Suicídio é parte da cultura e do destino dos Suruwahá. Várias gerações conviveram com a prática, incapazes de ver uma alternativa. Cultuar uma prática perniciosa ao coletivo e ao próprio indivíduo não é privilégio só deles. Eles tratam o suicídio de forma semelhante a como tratamos aqui fora o uso do álcool ou das drogas -- o uso é glamourizado, mas todos sofrem com ele.
Na selva da “madi” Suruwahá o silêncio da noite é quebrado pelos gritos de desespero do jovem que comeu veneno. Ele tenta respirar, aflito. Durante o envenenamento os músculos relaxam e a respiração se torna impossível. A morte é lenta e dolorosa. Crianças, velhos, adultos convivem com o vazio deixado pelas mortes precoces, a dor da ausência desnecessária em todas as famílias, o medo do inexorável destino que espera todos no “Kunaha agi” (caminho do Timbó).
As evidências do suicídio como prática bastante anterior à presença missionária entre os indígenas não impediram que o governo tentasse nos jogar a culpa pelas mortes.
O antropólogo João Dal Poz explica o suicídio como parte necessária do universo cosmológico indígena. Ele nada vê de “desregramento ou disfunção” porque existe uma necessidade social subjacente que explica o suicídio. Na sua narrativa cínica, ele não é um problema, mas um exercício “individualizador”.
Curioso é que o artigo de Dal Poz1 tem o efeito contrário do pretendido. Ele se dá ao trabalho de documentar quantidade, causas e gênero atingido pelas mortes; por isto o artigo disseca e expõe o horror de uma sociedade autodestrutiva limitada a si mesma por políticas que deveriam protegê-la.
A estúpida escola relativista que dita tais políticas desumaniza culturas para justificá-las. Nesta visão, circuncisão feminina é um rito de passagem legítimo e necessário para reforçar a identidade étnica. Infanticídio é um direito da coletividade, uma forma de expressão da estratégia de estabilidade evolucionária. O suicídio dos Suruwahá é uma maneira de “singularizar o corpo social.”

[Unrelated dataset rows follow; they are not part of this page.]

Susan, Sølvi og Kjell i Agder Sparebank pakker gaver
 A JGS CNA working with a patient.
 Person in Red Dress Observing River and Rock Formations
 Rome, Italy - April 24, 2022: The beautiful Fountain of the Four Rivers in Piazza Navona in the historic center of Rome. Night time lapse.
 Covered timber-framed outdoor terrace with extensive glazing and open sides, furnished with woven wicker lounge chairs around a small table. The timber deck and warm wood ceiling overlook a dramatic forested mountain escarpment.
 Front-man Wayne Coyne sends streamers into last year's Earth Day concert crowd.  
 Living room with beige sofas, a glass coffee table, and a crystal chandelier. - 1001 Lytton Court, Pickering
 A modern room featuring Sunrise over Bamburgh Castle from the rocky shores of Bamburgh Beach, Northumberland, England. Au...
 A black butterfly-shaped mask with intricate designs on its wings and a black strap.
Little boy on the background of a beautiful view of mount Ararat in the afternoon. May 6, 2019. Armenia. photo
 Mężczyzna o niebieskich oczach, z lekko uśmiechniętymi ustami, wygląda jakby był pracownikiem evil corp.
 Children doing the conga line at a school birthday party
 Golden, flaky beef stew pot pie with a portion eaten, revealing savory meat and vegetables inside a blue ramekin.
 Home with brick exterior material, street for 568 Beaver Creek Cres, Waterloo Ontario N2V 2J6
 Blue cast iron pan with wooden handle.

O poeta Drysden inventou o termo “nobre selvagem” no poema “A conquista de Granada”. Alexander Pope escreveu outro poema romantizando o selvagem para uma geração que reagia ao ceticismo de Thomas Hobbes, o qual defendia que o homem sem lei seria propenso ao mal, bruto e incapaz de solidariedade. Rousseau também argumentou contra ele dizendo que o homem “em estado natural”, sem a influência castratadora da civilização ocidental, seria bom, puro, honesto, mais solidário. E assim foi estabelecido o conceito da verdade, beleza e bondade natural dos que andam nus pelas selvas.
A antropologia, depois de ter sido manchada pelo horror causado pelo darwinismo social, se volta para uma alternativa igualmente racista: o relativismo cultural absoluto. Ambas são visões míopes do ser humano e destroem culturas com a mesma crueldade. Infelizmente, estas ideologias ditam as políticas que norteiam nosso relacionamento com as minorias étnicas. O nobre selvagem só existe na cabeça de ideólogos loucos. A selva está cheia de sofrimento humano, bastante humano.
Nota
1. Crônica de uma morte anunciada. “Revista de Antropologia”, São Paulo, v. 43, n. 1, 2000.
• Bráulia Ribeiro trabalhou na Amazônia durante trinta anos. Hoje mora em Kailua-Kona com sua família e está envolvida em projetos de tradução da Bíblia nas ilhas do Pacífico. É autora de Chamado Radical.